Chañarcillo Formation is a Devonian sedimentary succession widely studied for its fossil assemblages, carbonate platforms, and associated mineralization in northern Chile. The unit records reefal and platform-margin facies with rich invertebrate faunas that have informed regional correlations with coeval units in Argentina, Bolivia, and Peru. It has economic importance due to silver-bearing mineral deposits exploited since the 19th century.

Geology

The formation lies within the coastal cordillera of the Atacama Desert and records deposition on a Paleozoic continental margin adjacent to the Paleo-Pacific Ocean. Regional tectonics related to the evolution of the Andean orogeny and interactions between the Nazca Plate and the South American Plate influenced basin subsidence, sediment supply, and accommodation. The succession includes platform carbonates, bioclastic limestones, and interbedded siliciclastic horizons that demonstrate shifts between shallow-marine carbonate production and deeper siliciclastic influx tied to tectonic pulses and eustatic changes documented in contemporaneous units such as the Belén Formation and the Mitu Group.

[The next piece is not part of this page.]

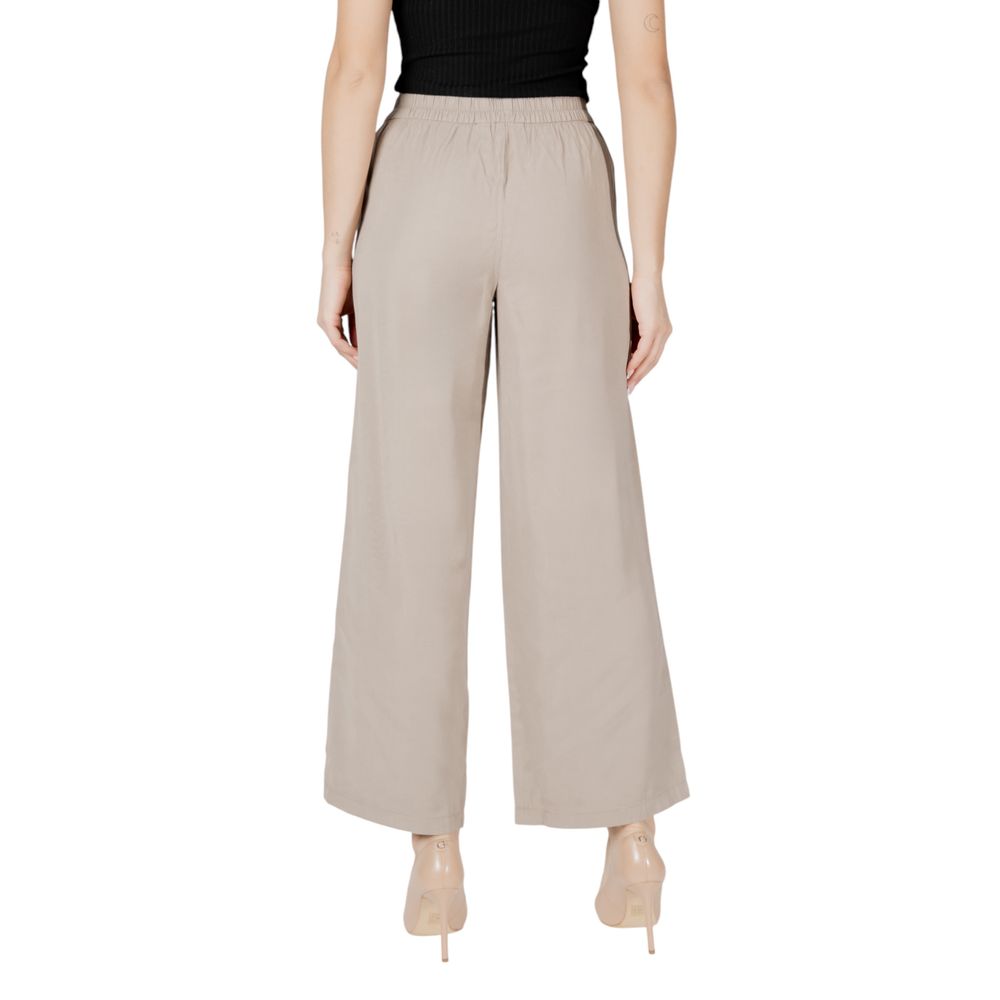 Only Beige Viscose Casual Pants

Stratigraphy and Lithology

Stratigraphically, the formation overlies older Cambro-Ordovician sequences and is overlain by younger Devonian–Carboniferous strata; local unconformities link it to regional sequences like the Hualfín Formation and the Los Pinos Formation. Lithologies include massive limestone, bedded bioclastic carbonates, micritic mudstones, nodular chert horizons, and sporadic sandstone and conglomerate beds that reflect storm, reef-front, and slope environments. Facies analysis identifies reef core buildups, fore-reef talus, and lagoonal deposits comparable to facies models from the Antofagasta Region and the Precordillera.

Fossil Content and Paleontology

The fossil assemblage is diverse, with abundant brachiopods, trilobites, crinoids, corals (both rugose and tabulate), bryozoans, and mollusks including gastropods and bivalves, permitting biostratigraphic correlation with classic Devonian faunas from Euramerica-affinity provinces and Gondwanan localities such as Falkland Islands and Tasmania. Microfossils and foraminifera help refine age models alongside macrofossils used in regional biogeographic studies that involve institutions like the Natural History Museum, London, the Smithsonian Institution, and the Museo Nacional de Historia Natural (Chile). Notable taxa recorded in the succession have been cited in monographs and faunal lists produced by researchers associated with the University of Chile, the University of Buenos Aires, and the Comisión Chilena del Cobre (CODELCO) research programs.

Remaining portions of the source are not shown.